With \(k\) feet touching the ground, we have \(n+6\) equations and \(n+6k\) variables. That means our system is under-constrained for \(k > 1\), and there are lots (infinitely lots, in fact) of potential solutions.

We can choose between these ambiguous solutions in several ways:

  • We can pick the nearest set of contact forces to some initial guess

  • We can minimize the torques on the contact forces

  • We can try to pick smooth contact forces over time, if we’re solving multiple timesteps at once

To pick the nearest set of contact forces to some initial guess, expressed as a list of 6-vectors body_wrench_guesses:

result = robot.getMultipleContactInverseDynamics(next_vel, contact_bodies_list, body_wrench_guesses)
control_forces = result.jointTorques
first_foot_contact_force = result.contactWrench[0]
second_foot_contact_force = result.contactWrench[1]

To pick the set of contact forces that minimize the torques at each foot (on the theory that contacts like to produce linear forces, and torques are kind of “imperfections” in the solution), just leave out the guesses:

result = robot.getMultipleContactInverseDynamics(next_vel, contact_bodies_list)
control_forces = result.jointTorques
first_foot_contact_force = result.contactWrenches[0]
second_foot_contact_force = result.contactWrenches[1]

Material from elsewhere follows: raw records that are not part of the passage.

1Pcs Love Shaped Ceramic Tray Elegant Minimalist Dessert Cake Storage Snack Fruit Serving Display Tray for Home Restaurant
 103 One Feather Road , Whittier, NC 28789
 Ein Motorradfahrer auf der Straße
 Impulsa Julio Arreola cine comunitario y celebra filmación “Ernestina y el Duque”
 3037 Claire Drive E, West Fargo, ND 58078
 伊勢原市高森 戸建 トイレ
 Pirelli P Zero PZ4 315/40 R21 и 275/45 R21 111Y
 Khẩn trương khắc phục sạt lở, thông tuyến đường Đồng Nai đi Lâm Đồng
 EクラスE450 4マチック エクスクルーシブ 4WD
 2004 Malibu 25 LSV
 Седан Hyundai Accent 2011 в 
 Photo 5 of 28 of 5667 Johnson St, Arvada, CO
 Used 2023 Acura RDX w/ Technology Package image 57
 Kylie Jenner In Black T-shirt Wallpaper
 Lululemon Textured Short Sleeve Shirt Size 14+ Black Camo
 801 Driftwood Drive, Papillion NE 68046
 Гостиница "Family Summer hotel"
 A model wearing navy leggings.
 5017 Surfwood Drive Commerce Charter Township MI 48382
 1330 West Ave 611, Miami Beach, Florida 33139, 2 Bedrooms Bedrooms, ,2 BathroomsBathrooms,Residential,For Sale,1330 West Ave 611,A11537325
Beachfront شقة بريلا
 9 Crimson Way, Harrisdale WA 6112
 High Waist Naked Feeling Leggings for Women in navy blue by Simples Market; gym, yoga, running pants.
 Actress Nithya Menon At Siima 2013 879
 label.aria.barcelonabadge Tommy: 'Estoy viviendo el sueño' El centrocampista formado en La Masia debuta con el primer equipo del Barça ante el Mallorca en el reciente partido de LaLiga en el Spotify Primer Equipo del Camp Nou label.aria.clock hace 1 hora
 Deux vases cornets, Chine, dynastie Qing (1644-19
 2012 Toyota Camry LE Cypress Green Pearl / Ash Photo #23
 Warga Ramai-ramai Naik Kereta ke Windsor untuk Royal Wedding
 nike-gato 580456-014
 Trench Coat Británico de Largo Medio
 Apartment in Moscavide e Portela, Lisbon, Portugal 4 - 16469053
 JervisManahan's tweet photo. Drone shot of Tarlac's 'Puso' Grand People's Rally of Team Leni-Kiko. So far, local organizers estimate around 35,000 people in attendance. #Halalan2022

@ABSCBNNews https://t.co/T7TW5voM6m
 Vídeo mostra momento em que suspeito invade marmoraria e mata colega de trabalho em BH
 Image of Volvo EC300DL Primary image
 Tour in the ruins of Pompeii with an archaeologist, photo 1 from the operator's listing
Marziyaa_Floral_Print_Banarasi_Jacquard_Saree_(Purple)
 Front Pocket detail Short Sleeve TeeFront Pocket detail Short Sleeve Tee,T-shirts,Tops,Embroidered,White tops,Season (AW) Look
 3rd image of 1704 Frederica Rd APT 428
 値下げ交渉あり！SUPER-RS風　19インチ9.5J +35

To solve for inverse dynamics over time, assuming you’ve got a matrix of positions where each column represents one timestep’s position vector:

result = robot.getMultipleContactInverseDynamicsOverTime(positions, contact_bodies_list, smoothingWeight=1.0, minTorqueWeight=1.0)
n = 0 # some timestep
step_n_control_forces = result.jointTorques[n,0]
step_n_first_foot_contact_force = result.contactWrenches[n][0]
step_n_second_foot_contact_force = result.contactWrenches[n][1]

You can control how the solution trades off between smoothness and minimizing torques with the weighting arguments, smoothingWeight and minTorqueWeight.